As a final step in the training process, Revell's team tested the final selections with independent datasets so that the models were passed through “two measures of accuracy.” They then selected the most accurate models for the HIV-TRePS system.

To use the free system, physicians register for an account online and enter their patient's HIV genotype, treatment history, viral load, and CD4 count data. Once the data is entered and the parameters are set, the system crunches the data and spits out the results, which include predictions of the probability of specific drug regimens reducing the viral load to below 50 copies.

Users can opt to receive predictions for up to three different drug regimens or ask the system to model alternatives using the most commonly used regimens stored in the RDI database.

A third option would be to get predictions for both types of scenarios and then compare the results. The system also lets users rule out drugs based on a patient’s tolerance and access to antiretroviral drugs as well as rank results in the order of the “probability of the regimen working” to reduce the viral load.

Genotypes and Clinical Trials

The team compared its prediction method to rules-based genotype interpretation, which relies on a set of rules based on "in vitro and in vivo research that relates individual mutations to sensitivity or resistance to individual drugs," Revell said.

Rules-based genotype interpretation software indicates whether a patient’s virus is likely to be sensitive, intermediate, or resistant to each individual drug, based on the mutations detected in the viral genome; but wasn’t designed to take in additional information such as treatment history, CD4 counts, or viral load.

"We found that the genotype with rules based interpretation is about 50 to 60 percent accurate in predicting whether the patient will respond or not," Revell said. "When you use our system, it's generally about 80 percent accurate," representing a 15 to 20 percent improvement.

Revell conceded that both systems incorporate different information, which may account for the differences in accuracy. He noted, however, that "the beauty of our system is it takes all that information and makes a quantitative prediction of the probability of the whole combination of drugs taking the viral load to [an] undetectable [level], [while] the genotype rules-based interpretation gives you a prediction which is black or white or perhaps grey to individual drugs."

Revell’s group is now developing models within the system that can be used to make predictions without using genotype data, in order to meet the needs of countries where genotyping is expensive.

“We were concerned that the genotype is a critical piece of information in predicting whether the virus is going to be resistant or will respond to a regimen,” Revell said. “But as long as we have patient history … that seems to go a long way in helping the models make accurate predictions.”

He also said that the initial models his team has trained without the genotype have only been about “4 to 5 percent less accurate” than the models with the genotype.

RDI plans to collect additional data — such as from patients in sub-Saharan Africa, for example — to develop population-specific models that will be more accurate for patients in clinics in these areas. The researchers also plan to incorporate additional drugs into the system.
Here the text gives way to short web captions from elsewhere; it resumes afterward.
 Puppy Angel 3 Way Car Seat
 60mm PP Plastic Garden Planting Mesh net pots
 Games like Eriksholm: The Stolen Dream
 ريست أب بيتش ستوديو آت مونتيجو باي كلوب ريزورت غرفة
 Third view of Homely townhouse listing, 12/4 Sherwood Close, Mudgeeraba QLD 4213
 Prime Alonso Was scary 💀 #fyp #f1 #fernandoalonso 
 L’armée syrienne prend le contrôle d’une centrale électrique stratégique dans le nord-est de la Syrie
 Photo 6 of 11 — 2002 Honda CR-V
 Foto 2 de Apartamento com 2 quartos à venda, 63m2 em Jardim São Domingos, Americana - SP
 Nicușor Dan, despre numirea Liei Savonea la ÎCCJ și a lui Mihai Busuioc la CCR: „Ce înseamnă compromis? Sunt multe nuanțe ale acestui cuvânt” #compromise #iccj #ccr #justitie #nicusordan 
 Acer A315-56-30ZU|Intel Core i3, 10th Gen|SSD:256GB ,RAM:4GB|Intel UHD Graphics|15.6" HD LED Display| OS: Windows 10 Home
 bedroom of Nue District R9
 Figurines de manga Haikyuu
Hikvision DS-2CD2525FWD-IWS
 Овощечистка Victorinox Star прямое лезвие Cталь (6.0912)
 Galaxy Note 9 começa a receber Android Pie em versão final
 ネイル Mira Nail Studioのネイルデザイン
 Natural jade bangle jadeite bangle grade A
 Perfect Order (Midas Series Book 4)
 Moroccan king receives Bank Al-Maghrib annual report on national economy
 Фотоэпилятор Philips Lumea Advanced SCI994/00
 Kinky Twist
RDI has no plans to market the system, but hopes to secure funding to perform a controlled clinical trial comparing patients whose drug regimen is determined using current clinical methods such as genotype rules based interpretation with a second group whose treatments are selected using HIV-TRePS.
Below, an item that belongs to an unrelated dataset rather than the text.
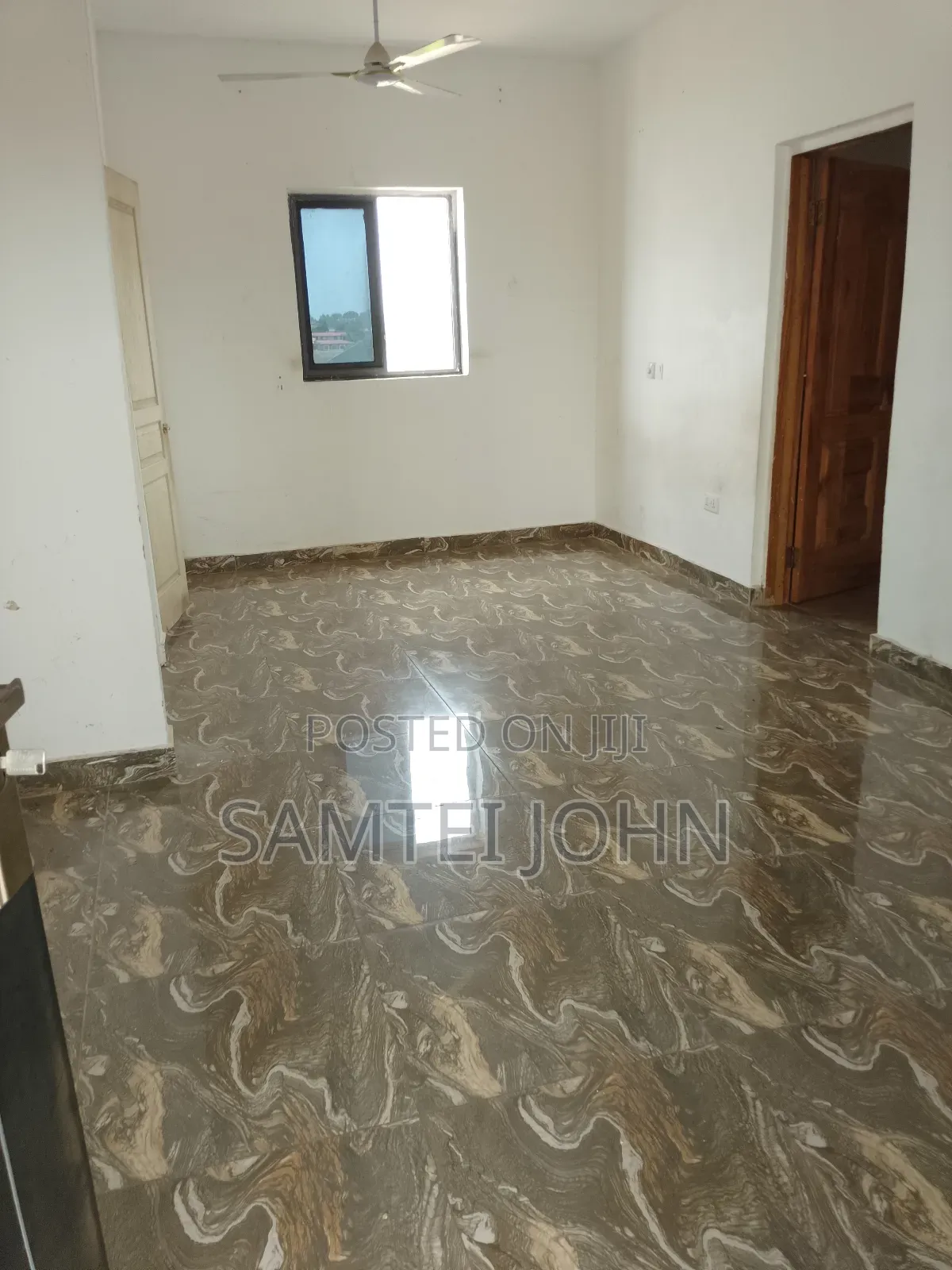 1bdrm Apartment in Sinco Properties, Madina for rent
Revell noted that until the tool has been clinically validated, it is still an experimental system. "We make it very clear that you shouldn’t use it to select your drugs. It's down to the doctor using all the information available and this is just an experimental system you can look at."

Since the system was launched earlier this month, Revell said users in more than 30 countries have activated accounts, but he could not provide further details.